His starting pay was $4/hr.

It was 1975 and McGregor was 18-years-old.

"Bringing somebody back to life is the best thing," McGregor told The Chatham Daily News when asked to reflect on a career spanning 38 years.

While he said he didn't keep count, McGregor guessed he successfully resuscitated more than 10 people and delivered 19 babies.

McGregor retired Friday amidst a warm send-off from fellow paramedics and supervisors.

"I'm the last of the Arbour boys," McGregor said with a smile.

The late Doug Arbour hired McGregor back when paramedics were called ambulance attendants and none of the training nor equipment you see them use today was even contemplated.

The service in the 70s used a Cadillac car, with hooks on the inside to suspend up to four patients, said McGregor.

"You just loaded 'em and go," he said.

Sometimes McGregor would stay with patients at the hospital and "help the doctor stitch 'em up."

Training was provided on the job.

New hires would work with a supervisor to learn what to do, said McGregor.

He recalled being brought in when off-shift to assist at a multi-vehicle crash on Grand Avenue West.

While emergency responders were dealing with that, someone drove their car into a crowd of bystanders, he said.

With the advent of the Freedom of Information and Protection of Privacy Act, paramedics don't learn the outcome of patients they've helped, unless families reach out to contact them.

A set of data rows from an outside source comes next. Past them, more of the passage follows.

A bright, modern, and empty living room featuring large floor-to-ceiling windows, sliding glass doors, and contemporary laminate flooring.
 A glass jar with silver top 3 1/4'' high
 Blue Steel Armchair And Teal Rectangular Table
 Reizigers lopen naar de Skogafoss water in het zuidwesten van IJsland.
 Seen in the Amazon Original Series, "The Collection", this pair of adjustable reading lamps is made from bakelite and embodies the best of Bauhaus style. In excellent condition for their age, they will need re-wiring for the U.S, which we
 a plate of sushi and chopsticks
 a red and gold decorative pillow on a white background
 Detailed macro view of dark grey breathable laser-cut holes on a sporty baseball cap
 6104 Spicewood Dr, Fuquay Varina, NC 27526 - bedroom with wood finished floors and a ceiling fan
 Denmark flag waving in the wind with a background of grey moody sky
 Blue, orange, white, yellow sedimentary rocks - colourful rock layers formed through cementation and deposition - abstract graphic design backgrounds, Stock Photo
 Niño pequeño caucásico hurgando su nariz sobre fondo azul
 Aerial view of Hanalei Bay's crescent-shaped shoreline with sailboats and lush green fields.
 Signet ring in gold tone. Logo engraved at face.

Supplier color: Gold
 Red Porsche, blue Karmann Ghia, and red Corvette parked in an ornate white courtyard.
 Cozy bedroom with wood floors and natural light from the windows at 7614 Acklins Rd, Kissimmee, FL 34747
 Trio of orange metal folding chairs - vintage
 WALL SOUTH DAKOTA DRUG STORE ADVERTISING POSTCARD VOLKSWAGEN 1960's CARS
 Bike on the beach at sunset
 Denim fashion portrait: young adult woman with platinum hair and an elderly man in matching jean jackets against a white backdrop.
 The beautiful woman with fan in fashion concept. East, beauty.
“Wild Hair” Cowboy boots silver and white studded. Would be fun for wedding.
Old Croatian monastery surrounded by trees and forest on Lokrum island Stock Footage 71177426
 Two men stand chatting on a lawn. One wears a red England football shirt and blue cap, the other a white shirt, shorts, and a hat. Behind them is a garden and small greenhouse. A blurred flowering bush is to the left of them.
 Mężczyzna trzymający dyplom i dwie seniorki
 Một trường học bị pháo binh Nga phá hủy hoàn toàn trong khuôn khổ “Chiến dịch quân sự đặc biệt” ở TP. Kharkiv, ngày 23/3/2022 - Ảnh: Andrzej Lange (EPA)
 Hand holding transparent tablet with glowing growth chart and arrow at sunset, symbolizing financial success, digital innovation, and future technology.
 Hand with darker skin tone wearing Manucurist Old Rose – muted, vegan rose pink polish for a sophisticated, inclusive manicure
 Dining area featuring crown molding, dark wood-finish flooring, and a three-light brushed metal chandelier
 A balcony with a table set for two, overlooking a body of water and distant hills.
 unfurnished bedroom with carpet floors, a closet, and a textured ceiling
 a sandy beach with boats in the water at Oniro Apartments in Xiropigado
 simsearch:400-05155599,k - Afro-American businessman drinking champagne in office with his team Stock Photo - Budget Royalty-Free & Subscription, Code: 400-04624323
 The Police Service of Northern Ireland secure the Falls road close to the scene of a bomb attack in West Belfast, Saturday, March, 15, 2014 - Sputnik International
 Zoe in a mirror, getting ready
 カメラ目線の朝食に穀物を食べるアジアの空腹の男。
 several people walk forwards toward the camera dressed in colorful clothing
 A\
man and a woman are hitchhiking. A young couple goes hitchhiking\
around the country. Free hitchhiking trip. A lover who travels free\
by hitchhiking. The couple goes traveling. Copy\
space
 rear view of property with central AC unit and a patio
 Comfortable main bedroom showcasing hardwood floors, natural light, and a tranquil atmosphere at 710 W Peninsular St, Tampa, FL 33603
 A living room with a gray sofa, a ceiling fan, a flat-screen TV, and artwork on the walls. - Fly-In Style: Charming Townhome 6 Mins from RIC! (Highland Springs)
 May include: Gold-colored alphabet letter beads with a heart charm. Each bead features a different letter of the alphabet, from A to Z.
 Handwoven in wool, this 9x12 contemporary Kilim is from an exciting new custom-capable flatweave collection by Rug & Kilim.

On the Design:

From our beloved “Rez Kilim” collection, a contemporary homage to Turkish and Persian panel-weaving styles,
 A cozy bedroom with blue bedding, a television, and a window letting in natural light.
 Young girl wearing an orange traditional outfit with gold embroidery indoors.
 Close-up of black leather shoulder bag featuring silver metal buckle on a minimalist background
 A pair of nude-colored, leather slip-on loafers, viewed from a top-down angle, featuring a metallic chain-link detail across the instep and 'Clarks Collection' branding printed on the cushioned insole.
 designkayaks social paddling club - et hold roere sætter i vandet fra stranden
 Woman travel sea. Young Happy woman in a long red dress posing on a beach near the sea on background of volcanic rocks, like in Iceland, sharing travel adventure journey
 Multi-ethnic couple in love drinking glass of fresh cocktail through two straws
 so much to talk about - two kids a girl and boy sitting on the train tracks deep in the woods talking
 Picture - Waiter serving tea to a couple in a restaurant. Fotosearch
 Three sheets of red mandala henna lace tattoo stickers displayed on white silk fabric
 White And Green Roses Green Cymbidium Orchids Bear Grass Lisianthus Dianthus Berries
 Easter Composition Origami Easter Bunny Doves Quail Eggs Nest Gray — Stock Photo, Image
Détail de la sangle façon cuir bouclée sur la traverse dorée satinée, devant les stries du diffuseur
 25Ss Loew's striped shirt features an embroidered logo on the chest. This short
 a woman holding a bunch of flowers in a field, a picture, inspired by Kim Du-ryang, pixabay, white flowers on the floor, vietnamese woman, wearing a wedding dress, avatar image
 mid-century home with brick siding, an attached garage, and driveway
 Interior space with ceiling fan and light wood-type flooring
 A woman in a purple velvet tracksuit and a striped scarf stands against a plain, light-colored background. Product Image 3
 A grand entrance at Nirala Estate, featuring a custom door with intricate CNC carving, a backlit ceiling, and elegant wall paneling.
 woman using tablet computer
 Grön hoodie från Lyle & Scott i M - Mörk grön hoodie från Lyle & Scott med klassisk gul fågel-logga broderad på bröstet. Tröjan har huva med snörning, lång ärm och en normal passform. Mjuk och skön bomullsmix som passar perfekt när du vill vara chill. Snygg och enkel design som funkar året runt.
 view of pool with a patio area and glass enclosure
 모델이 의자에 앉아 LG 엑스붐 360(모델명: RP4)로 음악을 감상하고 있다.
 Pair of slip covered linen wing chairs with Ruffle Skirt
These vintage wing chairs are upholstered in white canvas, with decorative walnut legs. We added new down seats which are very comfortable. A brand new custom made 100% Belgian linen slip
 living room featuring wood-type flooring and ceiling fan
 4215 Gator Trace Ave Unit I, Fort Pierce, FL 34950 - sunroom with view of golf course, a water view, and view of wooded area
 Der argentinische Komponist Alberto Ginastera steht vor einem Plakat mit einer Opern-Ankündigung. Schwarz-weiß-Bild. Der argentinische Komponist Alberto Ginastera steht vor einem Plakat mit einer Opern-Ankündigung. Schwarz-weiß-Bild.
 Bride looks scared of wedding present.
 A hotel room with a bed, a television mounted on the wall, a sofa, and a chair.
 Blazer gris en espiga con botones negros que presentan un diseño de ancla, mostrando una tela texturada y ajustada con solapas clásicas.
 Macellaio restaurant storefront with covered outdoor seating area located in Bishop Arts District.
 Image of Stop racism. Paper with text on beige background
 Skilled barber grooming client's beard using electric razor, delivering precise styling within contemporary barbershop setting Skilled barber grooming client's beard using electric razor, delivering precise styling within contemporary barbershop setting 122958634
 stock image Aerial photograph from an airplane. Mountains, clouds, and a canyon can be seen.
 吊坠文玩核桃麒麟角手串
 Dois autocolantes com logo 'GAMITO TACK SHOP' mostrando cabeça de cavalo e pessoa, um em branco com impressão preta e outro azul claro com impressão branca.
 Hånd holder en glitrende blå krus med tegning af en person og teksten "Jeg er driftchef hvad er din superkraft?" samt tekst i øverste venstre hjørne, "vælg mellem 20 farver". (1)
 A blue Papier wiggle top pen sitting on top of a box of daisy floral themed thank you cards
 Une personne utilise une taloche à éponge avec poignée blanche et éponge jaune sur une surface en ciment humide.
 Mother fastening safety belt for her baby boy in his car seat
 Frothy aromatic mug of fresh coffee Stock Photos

One success story McGregor did have a hand in just over a year ago involved someone he knew.

McGregor found himself and his wife, who is a nurse, and other family members assisting a neighbour who had crashed his motorcycle onto the McGregor's front lawn and was found without vital signs.

"He took us out for brunch three weeks ago. He's doing well," McGregor said, with an even broader smile.

While everyone, from doctors to nurses and paramedics are busier now, he said the emergency health care system is doing a good job.

McGregor said his decision to become a primary care paramedic has been good for him and his family.

He's enjoyed a rewarding career that provided great job security, he said.

"You never know what's coming up. You could be doing an equipment check and the next thing you know you're on the (Highway) 401," he said. "Some days you don't roll a wheel. Other days you miss lunch."

McGregor will attend a niece's wedding this weekend.

After that he plans to keep busy with self-employment in the house construction business.